Thaluikhain wrote:Out of interest, what's the appeal of playing a non-human that is within human ranges for stats and culture? I mean, I get the appeal of elves, being smart and good looking and long lived and just better. Drow get spiders to attack people with and an excuse to be naked.
Dwarves, gnomes, halflings...people play them, so there is clearly some appeal, but I'm not seeing it myself. What's being lost by having human (or close enough) be one thing, and your other options being something really weird?
Avoiding charges of racism and cultural insensitivity for one.
Many players want to play something that's
different from themselves. We've already talked about how many players want to have some facet of their character be directly analogous to a facet of themselves and that there is therefore a perceived need for characters to be "part human" even when their entire sales pitch is about their nonhuman aspects. But that pendulum can swing too far, and there isn't much
point in role playing if the character isn't meaningfully distinct from the player. Yes, there are games where you roleplay "literally yourself, but in a weird situation" but most RPGs we concern ourselves on this board revolve around players selecting avatars that are something other than simple standins for themselves.
But it's also boring to roleplay characters who have no faults. Sometimes players want to play characters that are gluttonous, alcoholic, senselessly mercenary, lecherous, vain, cruel, or whatever. In many circles, choosing to play characters with such faults is considered
better roleplaying. If you play a human with those traits, you're making a statement, and if you play a fictional alien with those traits, you're making far less of one.

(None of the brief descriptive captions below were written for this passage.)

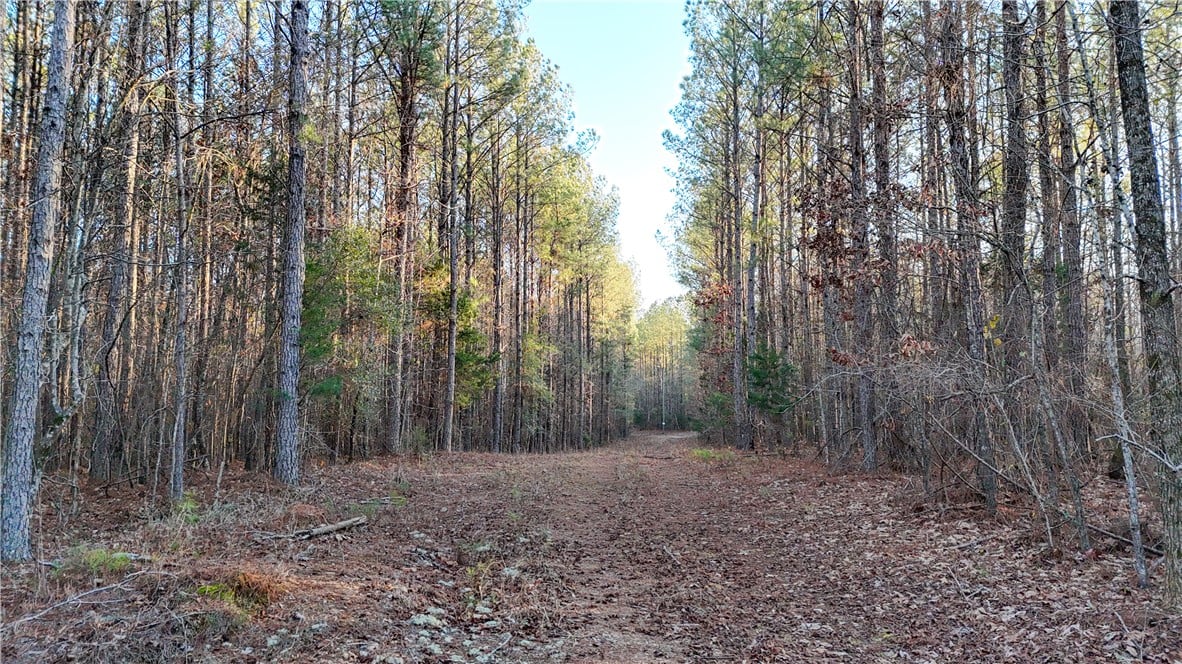 3427 Seals St, Waverly, AL 36879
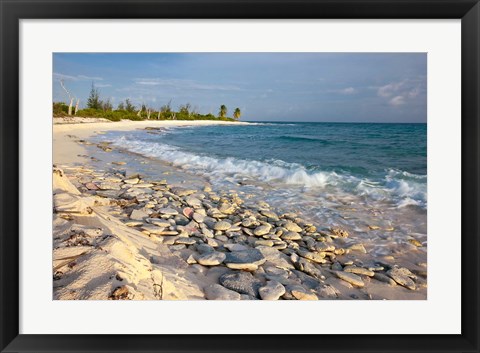 Framed Waves, Coral, Beach, Punta Arena, Mona, Puerto Rico Print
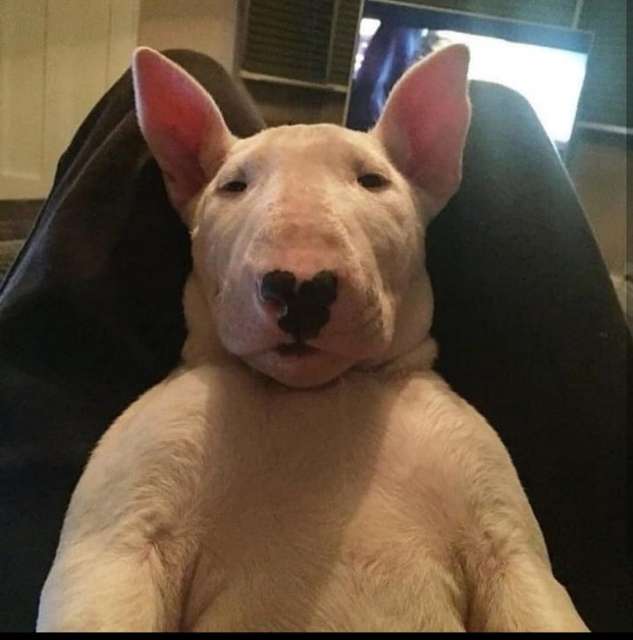 Mahdi 's profile image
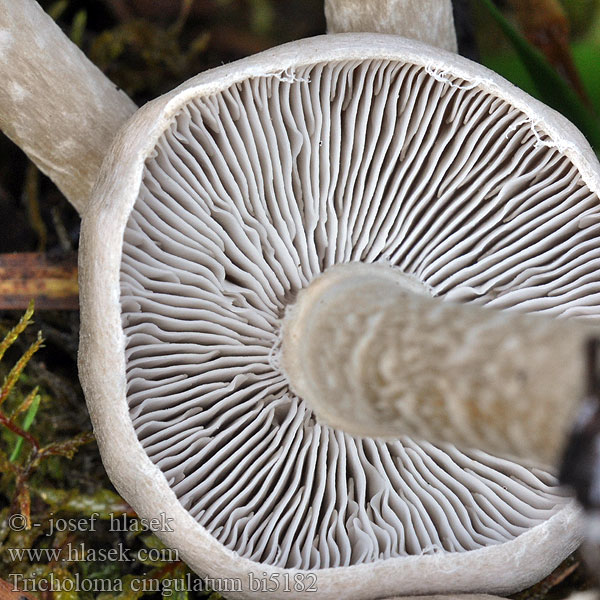 Tricholoma cingulatum bi5182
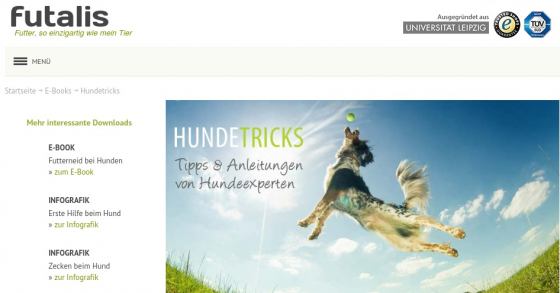 Gratis E-Book für Erziehung & Beschäftigung von Hunden!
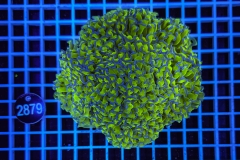 Euphyllia paraancora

Consider Quark from Deep Space Nine. He's a Ferengi, and a number of people have asked whether he represents an anti-Semitic stereotype. It's a reasonable question to have, and we won't get deep into the weeds of the various arguments pro and con (of which there are many) but simply leave it at the fact that the answer to that question is open to debate. But imagine if instead of being a Ferengi it was just Armin Shimerman, noted New Jersey Jewish actor, playing a human with all the same traits. That would be... very racist. Having a Jewish man playing a human who was obsessed with capitalist enrichment and constantly scheming for currency would not be
arguably anti-Semitic, that would be
obviously anti-Semitic.
When you say things about fictional groups of non-humans in a fantasy setting, that is automatically
less racist and insulting than if you'd said the same things about groups of humans. The thing from
Complete Halflings and Gnomes where it goes off on a ant about how the dark skinned Gnomes are stupid and steal shit is kinda racist. But if you made essentially the same rant about dark skinned
humans there wouldn't be any "kinda" about it.
Making your statements about Elves and Gnomes doesn't make things automatically not racist - but it does make things
less racist. There are demonstrably things you can get away with for your Orcs and Dwarves that absolutely would not fly with humans of varying skin tones.